In Europe, Germany is pushing ahead with the creation of an infrastructure for hydrogen fuel cell cars. To promote the expansion of a re-fuelling network in that country vehicle manufacturers like BMW have teamed up with hydrogen producers and filling station operators in a collaboration called the Clean Energy Partnership Initiative which plans to expand the hydrogen fuelling station network to 130 stations by 2022. That would allow the operation of about 60,000 hydrogen cars on Germany’s roads. The next target, with a corresponding increase in fuel cell vehicles, will be 400 stations by 2025.
China has a national plan in place that has a target of 1000 hydrogen fuelling stations by 2030. However, the USA has only 300 hydrogen cars that are mainly in California and only 48 fuelling stations of which over 40 are in California, but it recognises the future potential of FCEVS. The US Energy Information Administration estimates for every one million hydrogen cars; the US will need 200 stations.
If the USA has 10 million hydrogen vehicles, which is the target aimed at by vehicle manufacturers and zero-emission vehicle state mandates, the country will require 2,000 retail fuelling stations which will cost about $1.5 billion in capital expenditures which, when you consider that America’s annual national budget is $3.8trillion, is pretty small beer.

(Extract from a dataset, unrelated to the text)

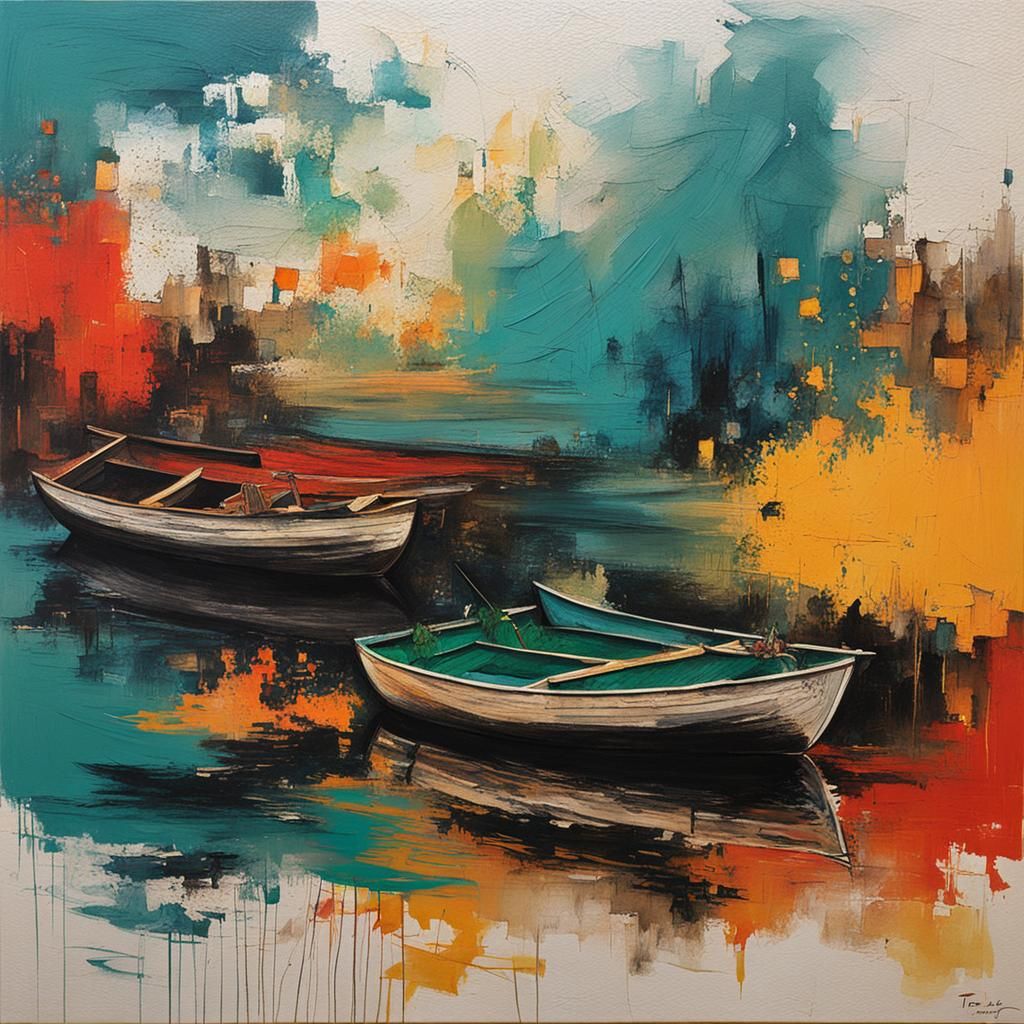 Abstract Portrait of Tom Sawyer in Complementary Colors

It currently costs about four times that of petrol and so is not cheap, but the economy of scale in production terms would reduce that and so here lies the real conundrum regarding what is undoubtedly an environmentally greener form of vehicle fuel. Until more FCEVs are on the road prices won’t come down, and that won’t happen unless there is a reduction in vehicle and fuel prices to encourage the sale of FCEVS.
That could happen thanks to the electrolysis process. It’s long been known that an electric current will cause the elements of water, hydrogen and oxygen to split to produce hydrogen and thanks to the increase of renewable electricity and the work currently happening to find cheaper metals to do this job hydrogen fuel will inevitably become economical.
The electrolysis reactions needed to generate hydrogen takes place on different electrodes using different precious metal catalysts. And this last factor has been part of the cost problem. Precious metals like the platinum used are incredibly expensive.
However, experiments have shown there are alternatives and work with cobalt phosphide nanoparticles deposited on carbon has been demonstrated to be very useful and importantly has shown it can operate over long periods in adverse conditions. Potentially it is a commercial prospect.
Breakthroughs like that will eventually reduce hydrogen costs and encourage the take-up of a greener fuel.